On Thu, Apr 2, 2015 at 5:31 AM, tip-bot for Christoph Hellwig
<tipbot@zytor.com> wrote:
> Commit-ID:  ec776ef6bbe1734c29cd6bd05219cd93b2731bd4
> Gitweb:     http://git.kernel.org/tip/ec776ef6bbe1734c29cd6bd05219cd93b2731bd4
> Author:     Christoph Hellwig <hch@lst.de>
> AuthorDate: Wed, 1 Apr 2015 09:12:18 +0200
> Committer:  Ingo Molnar <mingo@kernel.org>
> CommitDate: Wed, 1 Apr 2015 17:02:43 +0200
>
> x86/mm: Add support for the non-standard protected e820 type
>
> Various recent BIOSes support NVDIMMs or ADR using a
> non-standard e820 memory type, and Intel supplied reference
> Linux code using this type to various vendors.
>
> Wire this e820 table type up to export platform devices for the
> pmem driver so that we can use it in Linux.

This scares me a bit.  Do we know that the upcoming ACPI 6.0
enumeration mechanism *won't* use e820 type 12?  If it will, what
stops a non-legacy device from being incorrectly claimed as a legacy
device?

--Andy

>
> Based on earlier work from:
>
>    Dave Jiang <dave.jiang@intel.com>
>    Dan Williams <dan.j.williams@intel.com>
>
> Includes fixes for NUMA regions from Boaz Harrosh.
>
> Tested-by: Ross Zwisler <ross.zwisler@linux.intel.com>
> Signed-off-by: Christoph Hellwig <hch@lst.de>
> Acked-by: Dan Williams <dan.j.williams@intel.com>
> Cc: Andrew Morton <akpm@linux-foundation.org>
> Cc: Andy Lutomirski <luto@amacapital.net>
> Cc: Boaz Harrosh <boaz@plexistor.com>
> Cc: Borislav Petkov <bp@alien8.de>
> Cc: H. Peter Anvin <hpa@zytor.com>
> Cc: Jens Axboe <axboe@fb.com>
> Cc: Jens Axboe <axboe@kernel.dk>
> Cc: Keith Busch <keith.busch@intel.com>
> Cc: Linus Torvalds <torvalds@linux-foundation.org>
> Cc: Matthew Wilcox <willy@linux.intel.com>
> Cc: Thomas Gleixner <tglx@linutronix.de>
> Cc: linux-nvdimm@ml01.01.org
> Link: http://lkml.kernel.org/r/1427872339-6688-2-git-send-email-hch@lst.de
> [ Minor cleanups. ]
> Signed-off-by: Ingo Molnar <mingo@kernel.org>
> ---
>  Documentation/kernel-parameters.txt |  6 +++++
>  arch/x86/Kconfig                    | 10 +++++++
>  arch/x86/include/uapi/asm/e820.h    | 10 +++++++
>  arch/x86/kernel/Makefile            |  1 +
>  arch/x86/kernel/e820.c              | 26 +++++++++++++-----
>  arch/x86/kernel/pmem.c              | 53 +++++++++++++++++++++++++++++++++++++
>  6 files changed, 100 insertions(+), 6 deletions(-)
>
> diff --git a/Documentation/kernel-parameters.txt b/Documentation/kernel-parameters.txt
> index bfcb1a6..c87122d 100644
> --- a/Documentation/kernel-parameters.txt
> +++ b/Documentation/kernel-parameters.txt
> @@ -1965,6 +1965,12 @@ bytes respectively. Such letter suffixes can also be entirely omitted.

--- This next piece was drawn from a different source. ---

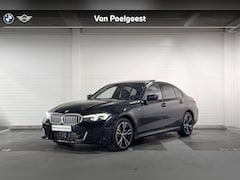 BMW 3-serie - Sedan 330e M Sport | Schuifdak | Trekhaak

>                                  or
>                                  memmap=0x10000$0x18690000
>
> +       memmap=nn[KMG]!ss[KMG]
> +                       [KNL,X86] Mark specific memory as protected.
> +                       Region of memory to be used, from ss to ss+nn.

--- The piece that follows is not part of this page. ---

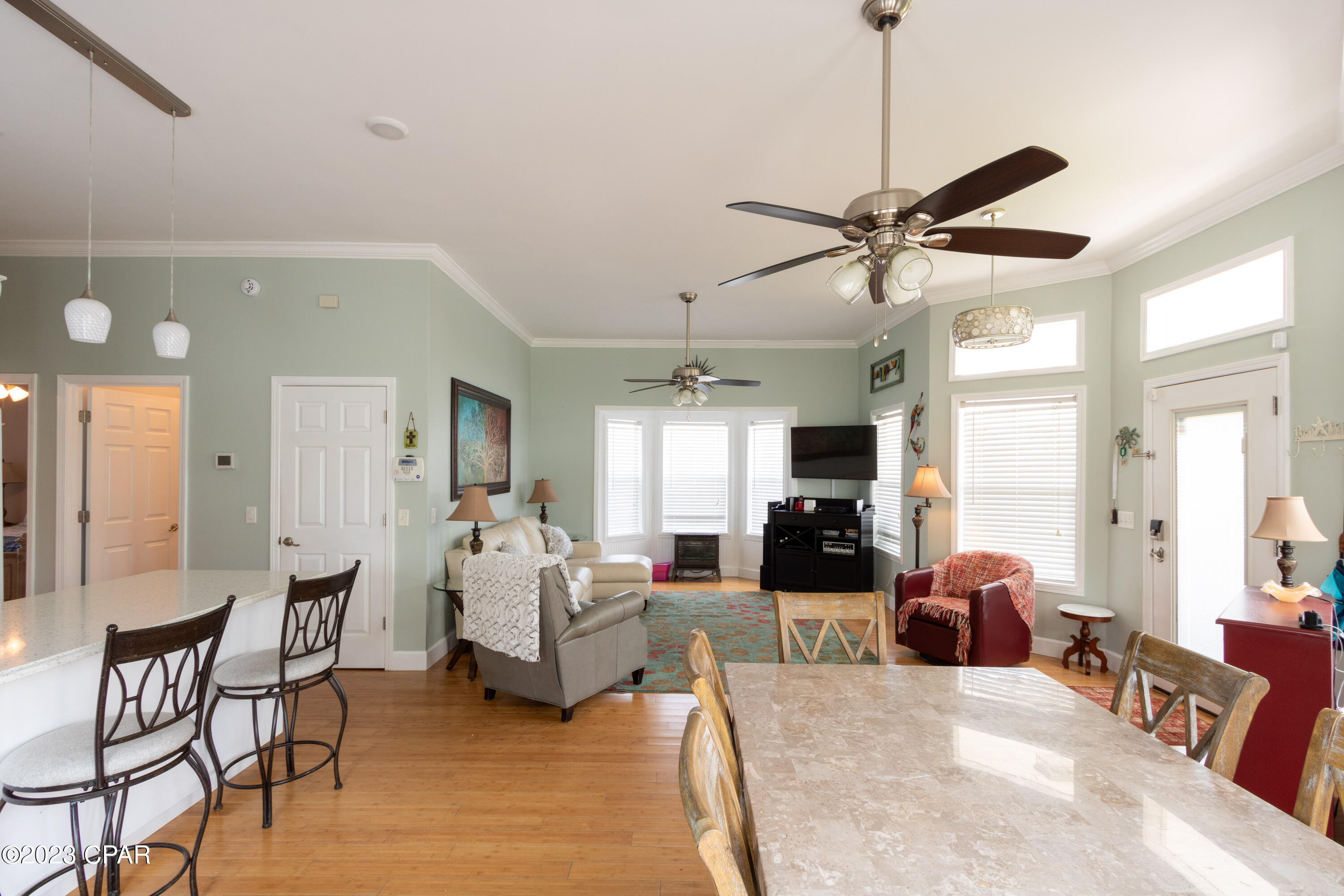 Daugette Add-Bahm Bch - Residential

> +                       The memory region may be marked as e820 type 12 (0xc)
> +                       and is NVDIMM or ADR memory.
> +
>         memory_corruption_check=0/1 [X86]
>                         Some BIOSes seem to corrupt the first 64k of
>                         memory when doing things like suspend/resume.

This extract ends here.